Graphically this is equivalent to doing

[    a] concat [  d e  ] = [    a   d e  ]
[b c  ]        [       ]   [b c          ]
Args:
  • concat_dim: Dimension to concatenate along.
  • sp_inputs: List of SparseTensor to concatenate.
  • name: A name prefix for the returned tensors (optional).
Returns:

A SparseTensor with the concatenated output.

Raises:
  • TypeError: If sp_inputs is not a list of SparseTensor.

tf.sparse_reorder(sp_input, name=None)

Reorders a SparseTensor into the canonical, row-major ordering.

Note that by convention, all sparse ops preserve the canonical ordering along increasing dimension number. The only time ordering can be violated is during manual manipulation of the indices and values to add entries.

Reordering does not affect the shape of the SparseTensor.

For example, if sp_input has shape [4, 5] and indices / values:

[0, 3]: b
[0, 1]: a
[3, 1]: d
[2, 0]: c

then the output will be a SparseTensor of shape [4, 5] and indices / values:

[0, 1]: a
[0, 3]: b
[2, 0]: c
[3, 1]: d
Args:
  • sp_input: The input SparseTensor.
  • name: A name prefix for the returned tensors (optional)
Returns:

A SparseTensor with the same shape and non-empty values, but in canonical ordering.

Raises:
  • TypeError: If sp_input is not a SparseTensor.

tf.sparse_retain(sp_input, to_retain)

Retains specified non-empty values within a SparseTensor.

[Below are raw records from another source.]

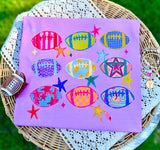 Multi Print Football Array Tee.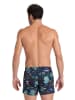 Arena Badeshorts in Schwarz/ Lila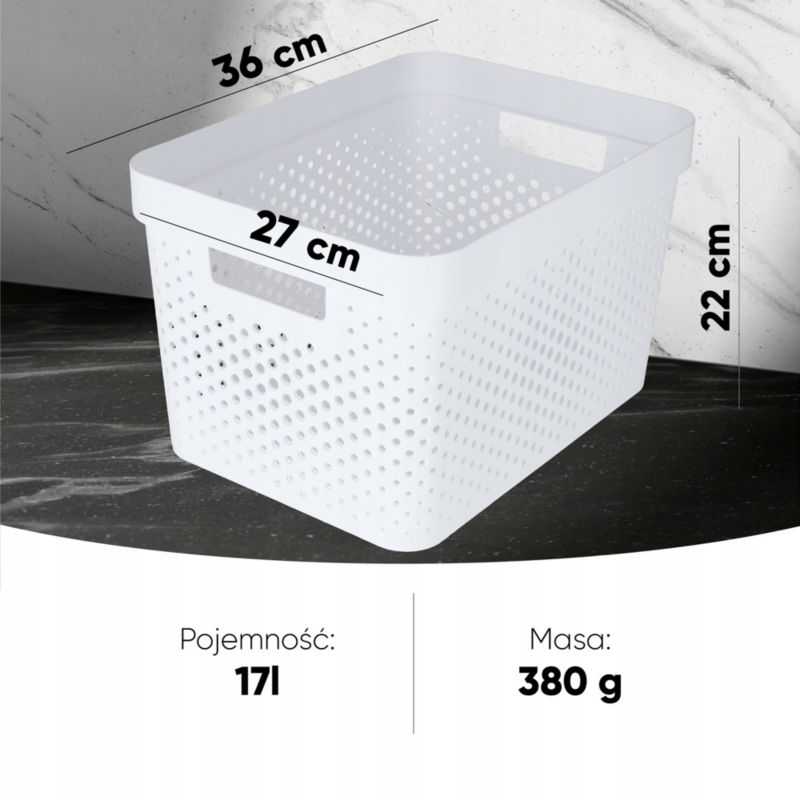 Pojemnik plastikowy Infinity Eko Curver 17L, biały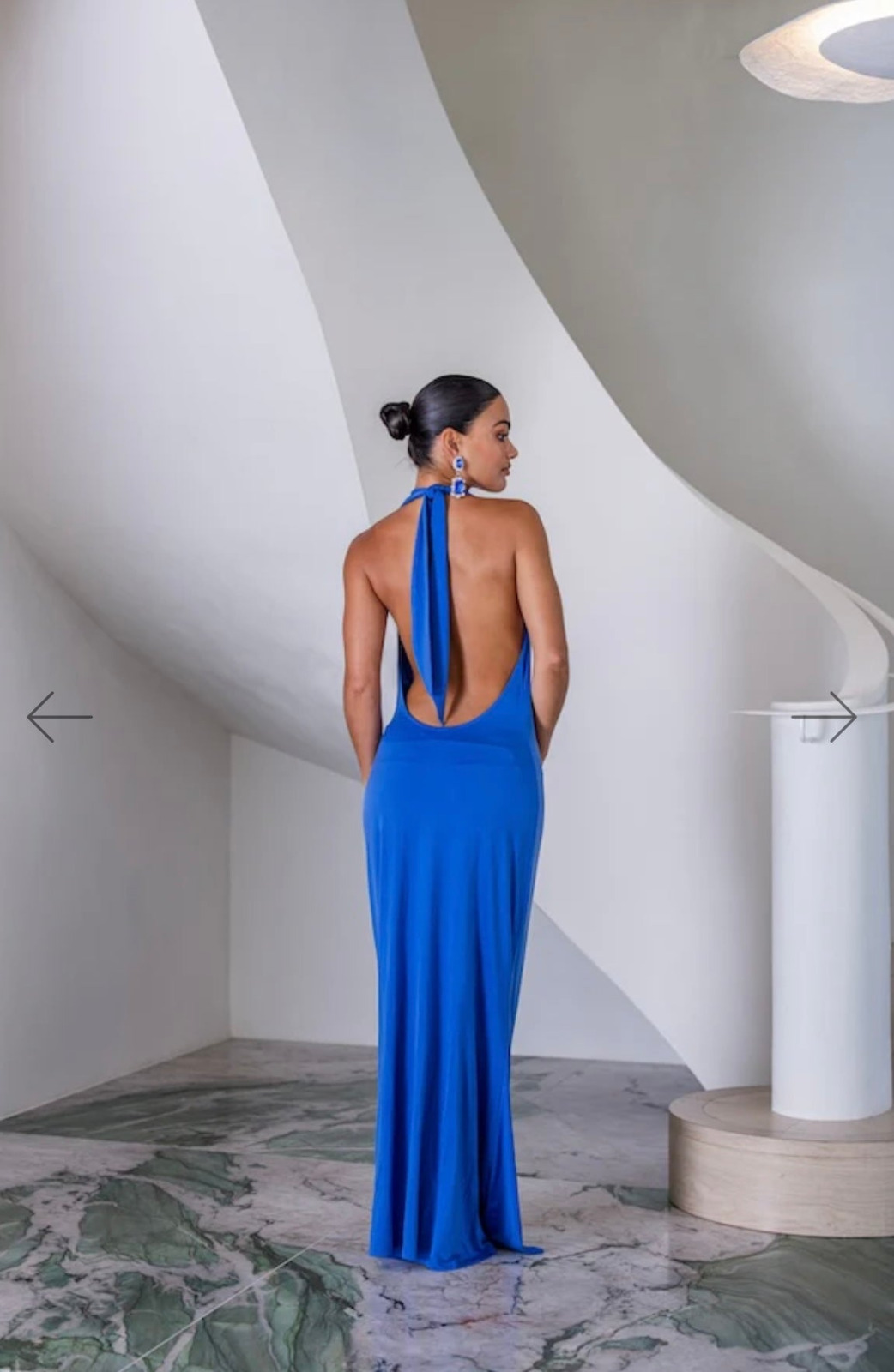 Saint Plunge Maxi Dress Sapphire 2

For example, if sp_input has shape [4, 5] and 4 non-empty string values:

[0, 1]: a
[0, 3]: b
[2, 0]: c
[3, 1]: d

and to_retain = [True, False, False, True], then the output will be a SparseTensor of shape [4, 5] with 2 non-empty values:

[0, 1]: a
[3, 1]: d
Args:
  • sp_input: The input SparseTensor with N non-empty elements.
  • to_retain: A bool vector of length N with M true values.
Returns:

A SparseTensor with the same shape as the input and M non-empty elements corresponding to the true positions in to_retain.

Raises:
  • TypeError: If sp_input is not a SparseTensor.

tf.sparse_fill_empty_rows(sp_input, default_value, name=None)

Fills empty rows in the input 2-D SparseTensor with a default value.

This op adds entries with the specified default_value at index [row, 0] for any row in the input that does not already have a value.

For example, suppose sp_input has shape [5, 6] and non-empty values:

[0, 1]: a
[0, 3]: b
[2, 0]: c
[3, 1]: d

Rows 1 and 4 are empty, so the output will be of shape [5, 6] with values:

[0, 1]: a
[0, 3]: b
[1, 0]: default_value
[2, 0]: c
[3, 1]: d
[4, 0]: default_value

Note that the input may have empty columns at the end, with no effect on this op.

The output SparseTensor will be in row-major order and will have the same shape as the input.

This op also returns an indicator vector such that

empty_row_indicator[i] = True iff row i was an empty row.
Args:
  • sp_input: A SparseTensor with shape [N, M].
  • default_value: The value to fill for empty rows, with the same type as sp_input.
  • name: A name prefix for the returned tensors (optional)
Returns:
  • sp_ordered_output: A SparseTensor with shape [N, M], and with all empty rows filled in with default_value.
  • empty_row_indicator: A bool vector of length N indicating whether each input row was empty.
Raises:
  • TypeError: If sp_input is not a SparseTensor.